Bains glacés pour les malades

Mais aujourd’hui, le taureau ne galope plus. Le courant fort et continu a cédé la place à un escalier où des tronçons presque plats sont séparés par des barrages et autres usines hydroélectriques. «Parfois, par temps de crue, les barrages sont ouverts pour évacuer les eaux. On peut alors redécouvrir toute la vitesse et la force du Rhône d’autrefois.» Enfin, savez-vous pourquoi, à Lyon, l’Hôtel-Dieu a été établi au bord de cet ex-taureau furieux? «Parce qu’il permettait d’offrir des bains surprises aux fous, en guise de traitement de choc. Cette pratique fut abandonnée par la suite, pour je ne sais quelle obscure raison», questionne l’auteur avec humour.
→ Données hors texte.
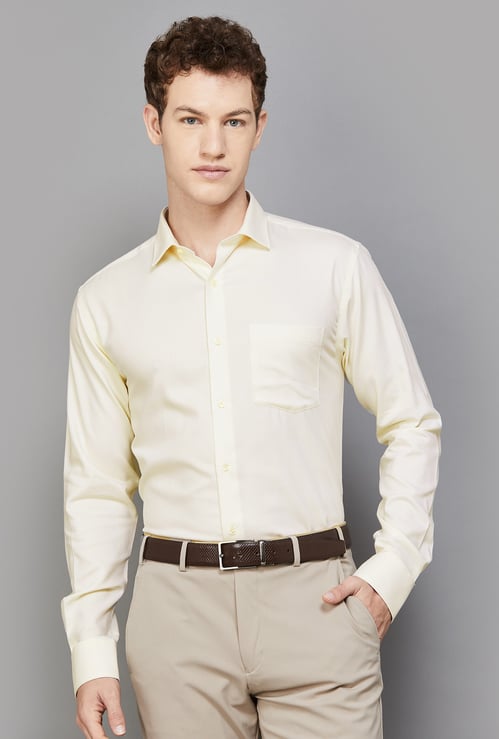 PARK AVENUE Solid Slim Fit Formal Shirt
Si Jean-Louis Michelot livre cette vision sensible et érudite de son fleuve préféré, c’est parce que le géographe a été justement hospitalisé de longs mois à l’Hôtel-Dieu et que le Rhône, qu’il voyait depuis son lit, l’a aidé à se remettre. «Je ressens une grande présence à mes côtés, qui me veille et me raconte mille histoires…» Et comme l’auteur a la plume fine, il constate aussi une similitude entre lui et le cours d’eau long de 812 kilomètres. «Il est, comme moi, confiné à son lit, en attente d’une hypothétique rémission, bourré de produits chimiques, et s’écoulant vers la fin de toutes choses…»

Les mots de Hugo

Son ouvrage a de la surface, les magnifiques échappées en canoë-kayak durant lesquelles le naturaliste observe la faune et la flore, saluant au passage le retour de la loutre. Et aussi de la profondeur, à travers les considérations scientifiques et les poètes convoqués. Victor Hugo, par exemple, qui y tient ces propos musclés: «Au Léman, le Rhône est comme un jeune homme, à la Méditerranée, il est comme un vieillard. Là-bas, il n’a encore vu que des montagnes, ici, il a traversé des villes. Dieu lui donne la neige, les hommes lui donnent la fange.»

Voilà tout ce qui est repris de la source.